-- Provided material follows --
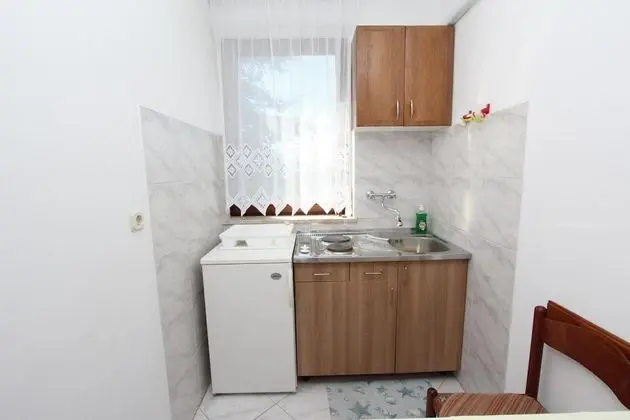 Apart Daire, 2 Yatak Odası, Balkon, Bahçe Manzaralı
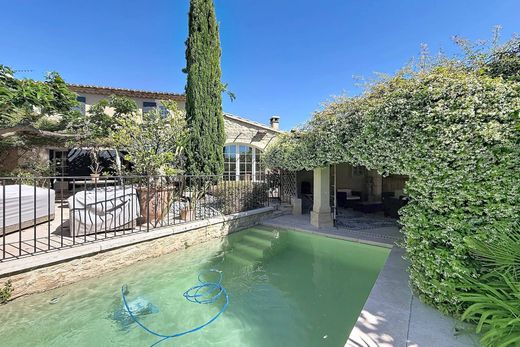 Detached House in Uzès, Gard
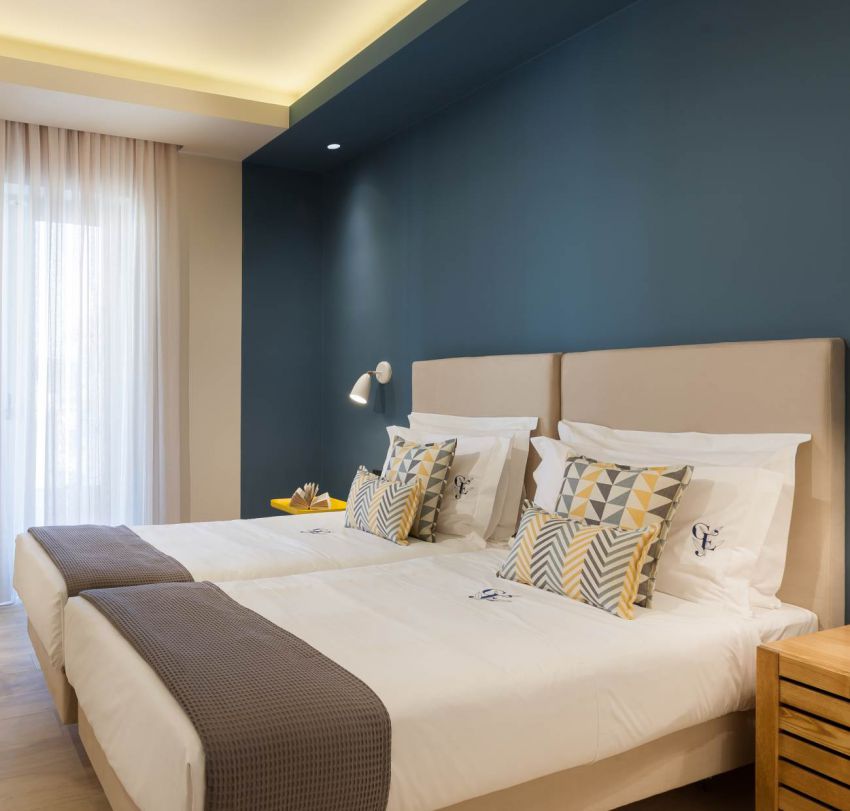 hotels neapolis laconia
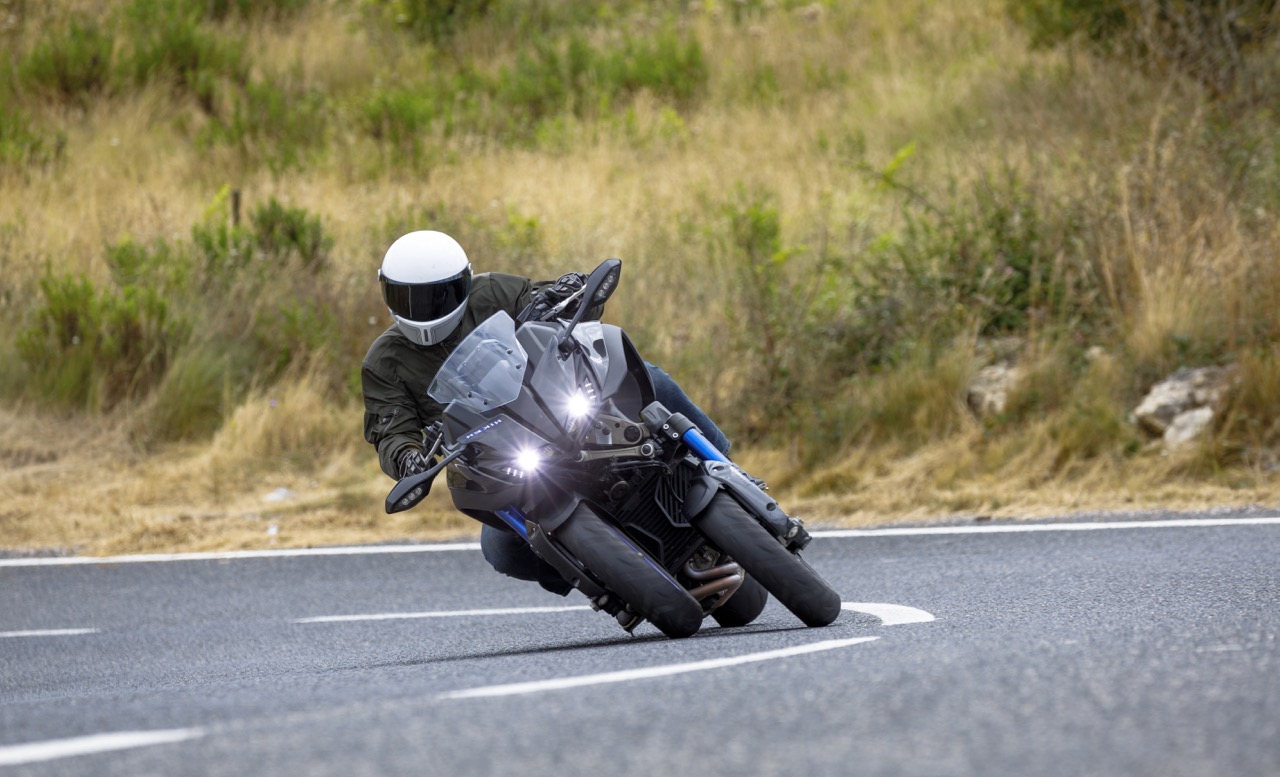 Ensaio Yamaha NIKEN – “Riding the Revolution”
-- Provided material concluded --
## Exercise instructions
Word for word, please, restate the lines of the listing from the one holding "Detached House in Uzès, Gard" down to the last line, leaving out any pictures.

## Reply
 Detached House in Uzès, Gard
 hotels neapolis laconia
 Ensaio Yamaha NIKEN – “Riding the Revolution”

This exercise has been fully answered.